DLA Distribution celebrates Vietnam War 50th anniversary

By Emily Tsambiras DLA Distribution Public Affairs

To kick off its participation in a federal, 13-year long commemoration of those that served during the Vietnam War, DLA Distribution hosted veterans Sgt. (Ret.) Joseph Boslet and re-enactor Timothy Meade from the U.S. Army Heritage Center in Carlisle, Pa. 

On May 28th, 2012, President Barack Obama proclaimed the period of May 28th, 2012, to November 11, 2025, as the commemoration of the 50th anniversary of the Vietnam War.  In doing so, he called upon federal, state and local officials to honor the nation’s Vietnam veterans, the fallen, the wounded, those unaccounted for, former prisoners of war, their families, and all who served.

Earlier this year, DLA Distribution applied to be a part of the President Obama’s commemoration program and, on May 28, 2015, Secretary of Defense, the Honorable Ashton Carter, designated DLA Distribution as a commemorative partner.  

Prior to introducing Boslet, DLA Distribution commander Army Brig. Gen. Richard Dix shared how his future was impacted by a Vietnam veteran.  “I’d like to share a quick story: 49 years ago, there was a baby in a crib and his godfather was preparing to leave for Vietnam.  The baby grabbed the man’s dog tags and wouldn’t let them go.  So the man waited until the baby fell asleep, gently removed them from the baby’s hands, and left.  When the man returned from war one year later, the first thing the baby did was pat his godfather’s chest, looking for those dog tags.  The man took them off, gave them to the baby and said ‘Watch this boy.  He’s going to be something in the Army one day.’ 

As the baby grew into a young man, he loved watching movies on World Wars I and II and the Korean War and noticed how those that served during these eras were all celebrated for their valor when they returned.  He also noticed that this was not the case with the nation’s Vietnam War veterans.  But, nevertheless, he was appreciative and humbled by those that went before him.  That young man is now standing before you. 

As a nation, we are 50 years late in saying ‘Thank you’ to another part of the greatest generation that has served this country, and I am on a personal crusade to give my thanks.  I am humbled that I followed in their footsteps.  We are going to right a wrong that was done to those men and women.” 

Guest speaker Boslet reminded employees of the sacrifices made by those that served in the second longest war in America’s history by sharing his own experiences.  Boslet enlisted in the United States Army in December 1968.  When a friend informed him the previous August that he was on the list to be drafted, Boslet was determined to join the fight on his own. “My family has consistently served since World War I and we were all volunteers.”

Following basic training at Ft. Gordon, Ga., he was sent to Army Intelligence School where he spent 47 weeks learning the Vietnamese language.  In October 1970, he was bound for Vietnam. 

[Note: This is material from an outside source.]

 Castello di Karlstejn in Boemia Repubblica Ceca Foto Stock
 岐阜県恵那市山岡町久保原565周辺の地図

In theater, Boslet was part of the Phoenix Program, designed to identify and neutralize the infrastructure of the National Liberation Front of South Vietnam.  While he says he advanced ahead of units to monitor activity in the areas, he was also part of what he called “hearts and minds” activities, such as rebuilding schools, training local forces, distribution clothes, digging wells, and other civic improvement activities.

He recalls how music was always “all around” in American base camps in Vietnam.  The troops regularly blasted rock and roll, “anything with an angry beat,” says Boslet.  Music such as the Animals’ “We Gotta Get Out of this Place,” and The Rolling Stones’ “Satisfaction” represented the dejected attitude of many of the draftees and other troops that were fighting for the Nation.

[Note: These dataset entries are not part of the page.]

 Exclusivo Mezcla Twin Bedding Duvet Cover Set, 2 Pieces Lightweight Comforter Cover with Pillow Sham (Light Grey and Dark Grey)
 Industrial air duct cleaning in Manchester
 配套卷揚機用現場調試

“But what an enriching experiencing if you survived,” says Boslet.  He says many of life’s most vital skills were learned during his time in Vietnam: teamwork, responsibility, accountability and commitment to the mission.

In closing, he asked the audience to “Remember those who gave their lives and honor their sacrifices.  Remember the families because they gave a lot, too.  And may we all benefit and grow from the experience that was Vietnam.”

Dix then called upon Boslet, Meade and Vietnam Veteran United States Navy Capt. (Ret.) George Connolly to unveil the United States of America Vietnam War 50th anniversary commemorative flag, now displayed in DLA Distribution headquarters’ lobby.

During the unveiling, mistress of ceremonies, Stacy Umstead, detailed the symbolism of the colors and shapes used to create the flag.

The use of the color gold to signify a 50th anniversary symbolizes the specific mission of the Department of Defense’s program to commemorate the 50th anniversary of the Vietnam War.  A representation of the Vietnam service medal (the ribbon) rests below the inner rings.

The red, white and blue inner rings represent the flag of the United States of America and recognize all Americans, both military and civilian, who served or contributed to the Vietnam War effort.

The outer black ring serves as a reminder of those who were killed in action, held as prisoners of war or listed as missing in action during the Vietnam War.  The black rings surround the red, white and blue rings to call attention to their sacrifices, the sacrifices of their families and the defense of our nation’s freedom.

Within the blue ring are the words, “service, valor and sacrifice,” virtues demonstrated by veterans during the Vietnam War.  The gold-rimmed white star located between the words “service” and “valor” represents the hope for the families of those veterans for which there has not been a full accounting.   The gold star located between the words “valor” and “sacrifice” represents the families of those veterans who paid the ultimate sacrifice during the war.  The blue star at the bottom of the inner blue ring represents the families of all veterans and symbolizes their support from home.

At the bottom of the inner blue ring are six white stars, three on each side of the blue star.  These six white stars symbolize the contributions and sacrifices made by the United States and its allies, Australia, New Zealand, Philippines, Republic of Korea and Thailand.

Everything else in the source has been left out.